Discoveries of lumps of bitumen, weighing as much as several kilograms, have been recorded on beaches from Fremantle to Tasmania since the beginning of European settlement.
A large proportion of the specimens found over the past 200 or so years were washed up near Beachport in the southeast of South Australia and on Kangaroo Island.
This concentration of discoveries was a big factor in the location of Australia's first oil exploration well in the Coorong district in 1866.
Previous studies, notably a PhD by Geoscience Australia's Di Edwards, had shown a remarkably uniform composition across the many samples of bitumen, more commonly known as asphaltite.
This suggested a single source of origin.
Edwards' colleague, Chris Boreham, also narrowed down the source to a Cretaceous rock that is distinctive of restricted marine environments, probably related to an oceanic anoxic event.

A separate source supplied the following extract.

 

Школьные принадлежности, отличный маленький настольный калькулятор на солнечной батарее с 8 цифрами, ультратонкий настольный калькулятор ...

Academics and oil explorers have not been able to have more confidence in the location of the source.
An answer, however, is finally becoming clear thanks to a PhD by University of Adelaide's Tony Hall.

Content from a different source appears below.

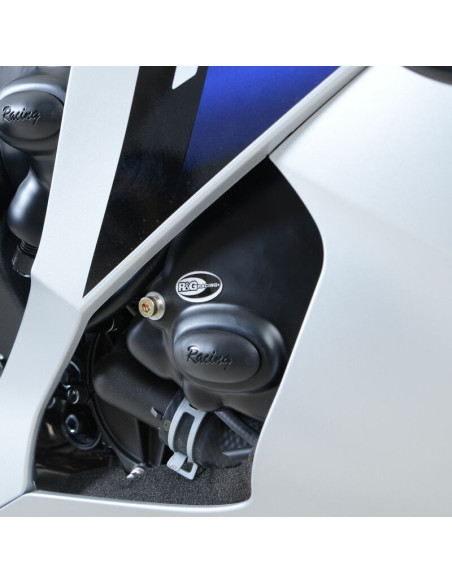 Couvre-carter droit (pompe à huile) R&G RACING Race Series noir Yamaha YZF-R6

Hall has developed a method for solving the mystery by studying the weathering characteristics of the samples and combining this with information about ocean currents on the southern margin.
His conclusion is that the source is probably the underexplored Morum sub-basin of the Otway Basin, located under the edge of the narrow continental shelf running along western Victoria and southeast SA.
"There is a very strong likelihood in data produced so far that the Morum is certainly host to a source of these asphaltites," Hall said.
"There is a reasonable likelihood of other source pods - maybe another one in the southern area of the Ceduna sub-basin - but we also know the likely source rocks are not exposed in that location."
Hall's work is one chapter in a much larger PhD on the biogeochemistry of wide areas of SA, with a particular focus on Cambrian shales.
The PhD was encouraged by Hall's supervisor, David McKirdy, who began studying asphaltites in the 1970s.
McKirdy in turn followed Reg Sprigg, who was one of the world's great biogeologists and instrumental in the foundation of Santos and Beach Energy.
Hall's study was based on a small sample of only 11 asphaltites but four of these were from new locations - the Eyre Peninsula and Invercargill in New Zealand - and had not been studied previously.
His PhD could have immense value for petroleum explorers in the western Otway Basin, where bidding closed last month on an area (S12-4) released in May by the federal government.
The value of study lies not just in the identification of the likely source but also in an understanding of how the asphaltites most likely formed.
Hall told Energy News the fine laminations and flow structures in the asphaltites suggested they were viscous in the subsurface environment, before being extruded on the seafloor.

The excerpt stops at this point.